§ Provided data
****************************************
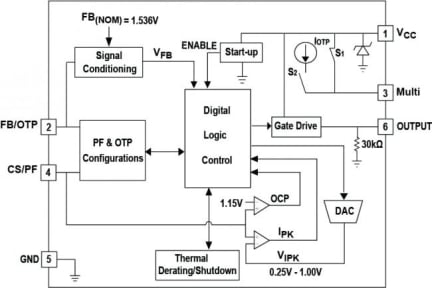 iW3622 Functional Block Diagram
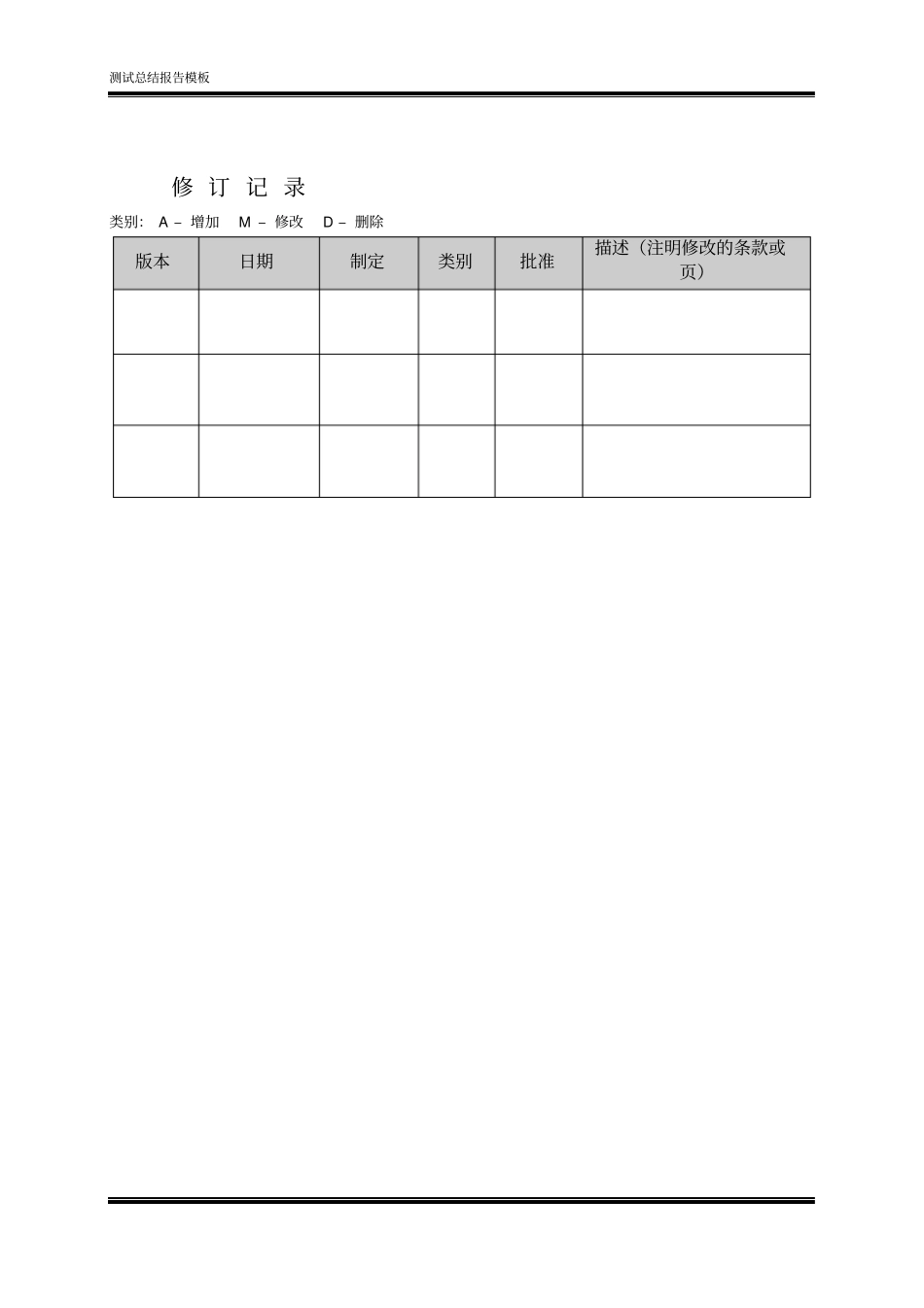 软件项目测试总结报告模版_第2页
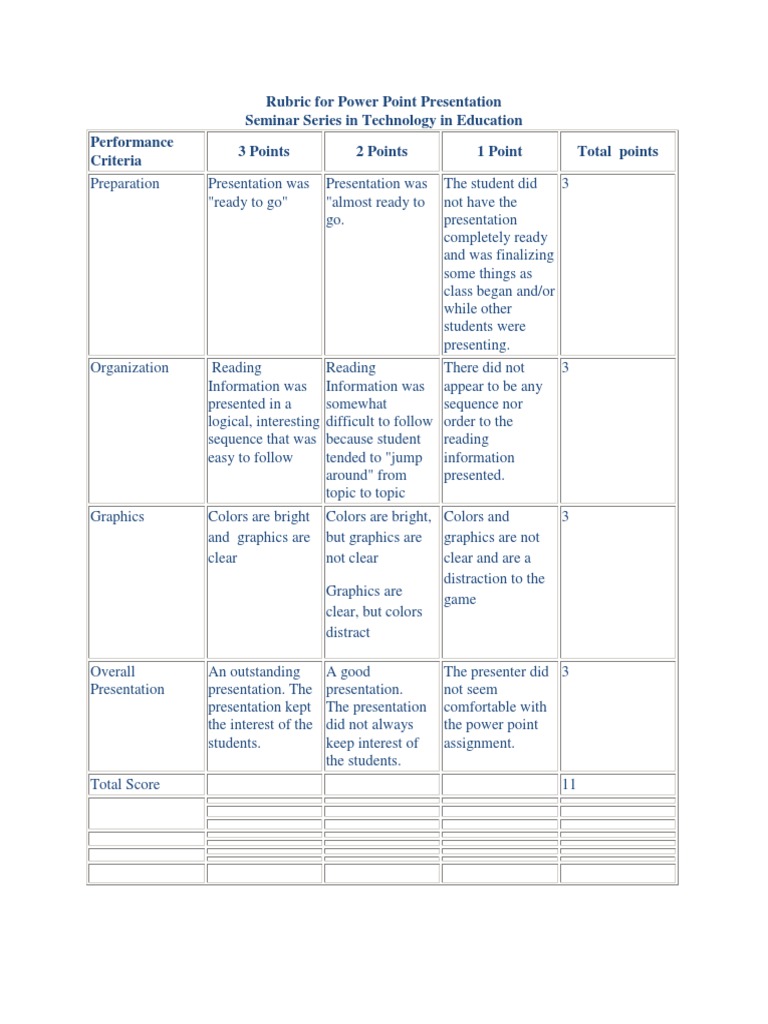 PowerPoint Presentation Evaluation Rubric | PDF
****************************************
§ Exercise details
Without altering anything, output all the lines above but none of the images.

§ The answer
 iW3622 Functional Block Diagram
 软件项目测试总结报告模版_第2页
 PowerPoint Presentation Evaluation Rubric | PDF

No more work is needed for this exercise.